Exactly the lines from the one containing "Such dir die" through the end of the records must be reproduced; leave out all pictures.
>>>
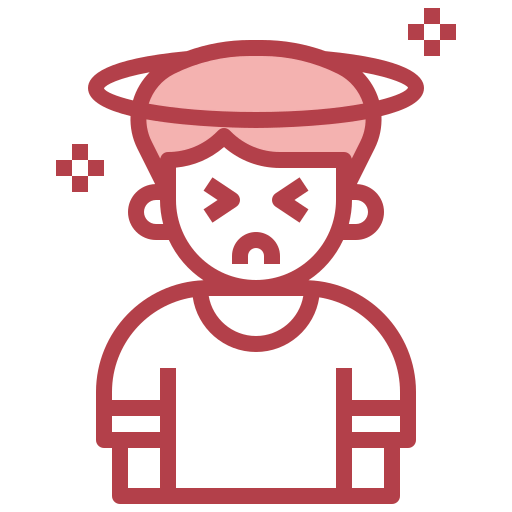 Dizziness icon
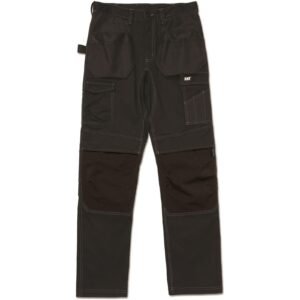 Calça com Bolso Lateral para Joelho Essencial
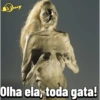 Jessy Olha ela, toda gata!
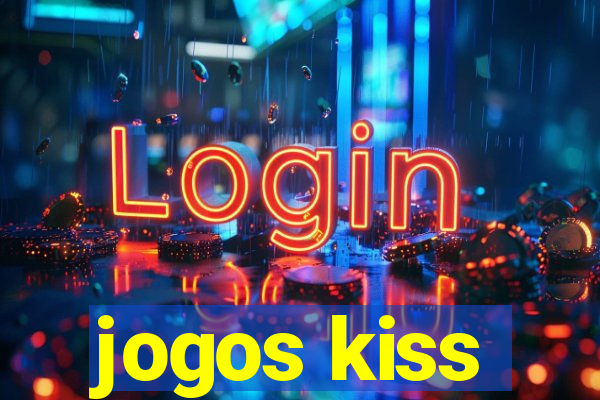 jogos kiss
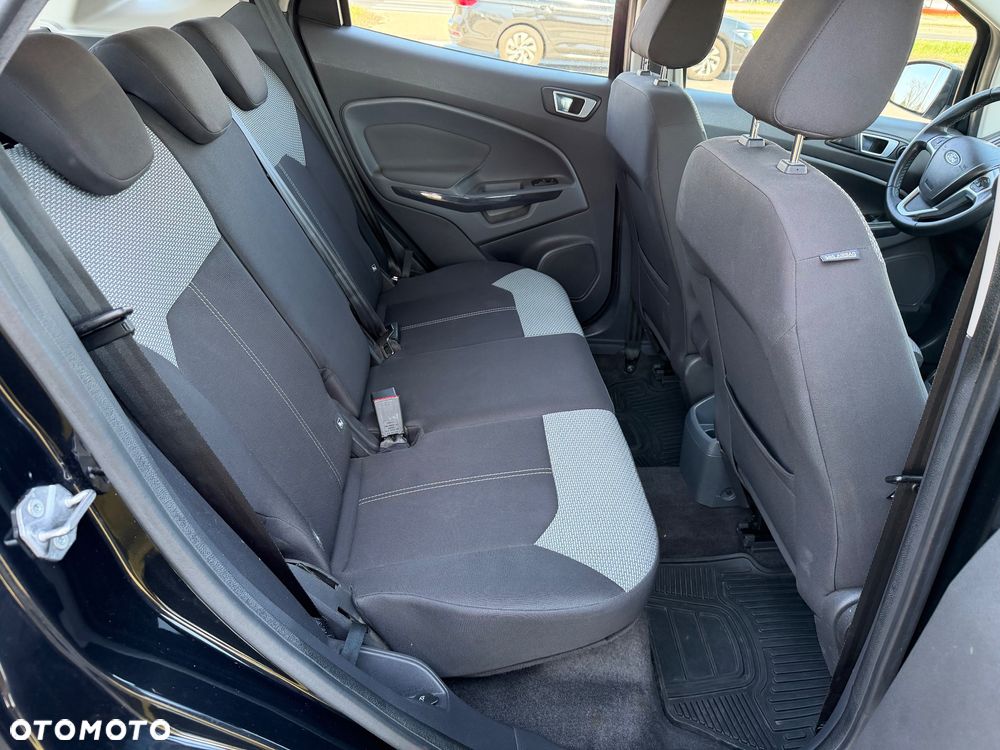 Ford EcoSport 1.5 Ti-VCT TITANIUM - 14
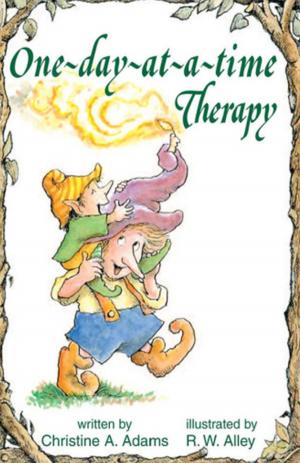 Cover of the book One-day-at-a-time Therapy by Ted O'Neal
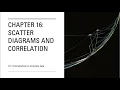 IGCSE Mathematics 16 1 Introduction to Bivariate data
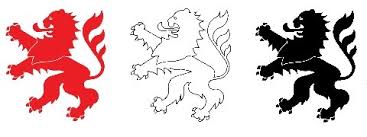 Such dir die schönsten farben aus und male dieses schöne ausmalbild ganz nach deinem. Das Hessische Landeswappen Hessisches Ministerium Des Innern Und Fur Sport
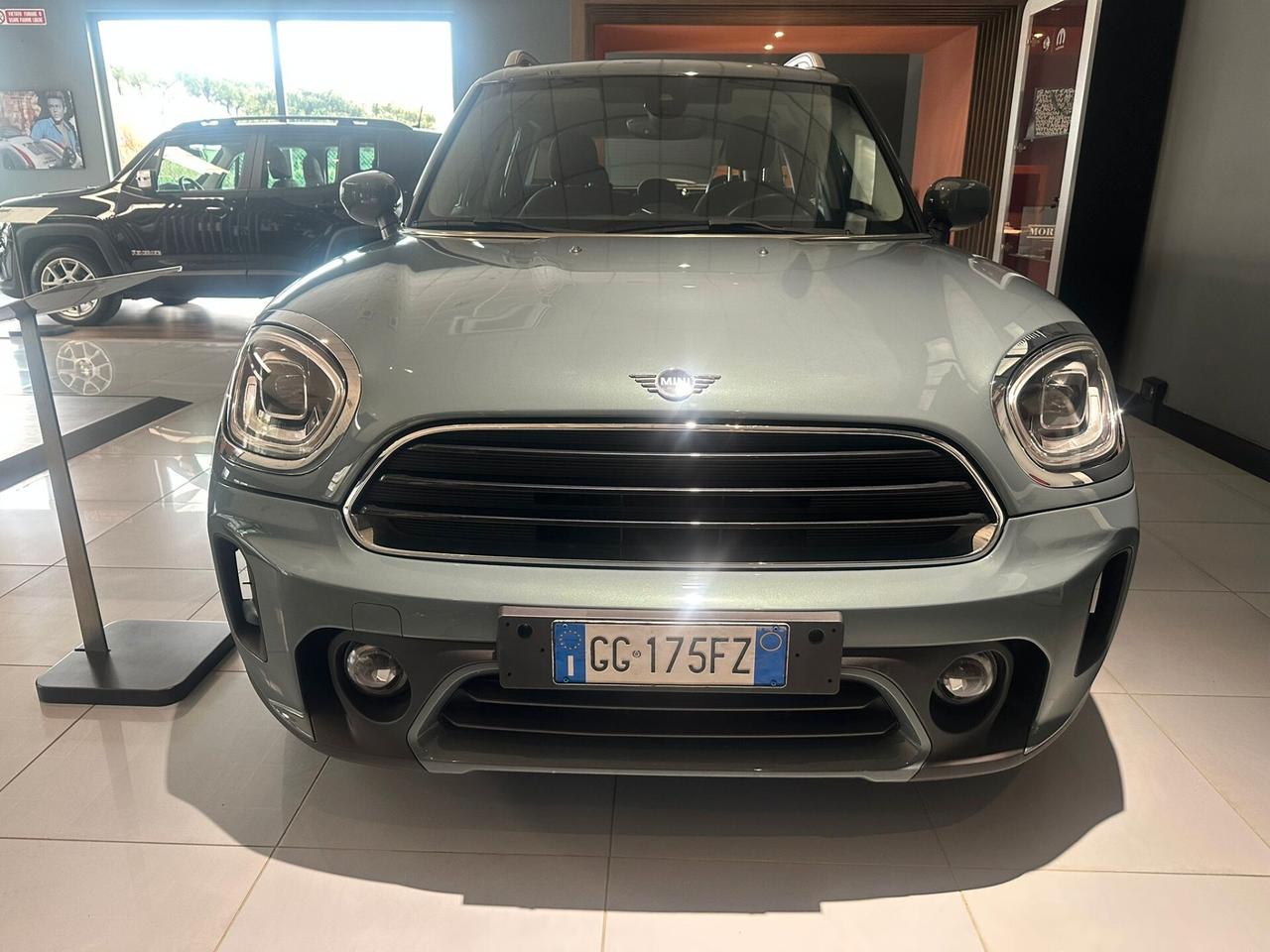 Mini One D Countryman 1.5 Business Automatica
<<<
== Solved exercise ==
 Such dir die schönsten farben aus und male dieses schöne ausmalbild ganz nach deinem. Das Hessische Landeswappen Hessisches Ministerium Des Innern Und Fur Sport
 Mini One D Countryman 1.5 Business Automatica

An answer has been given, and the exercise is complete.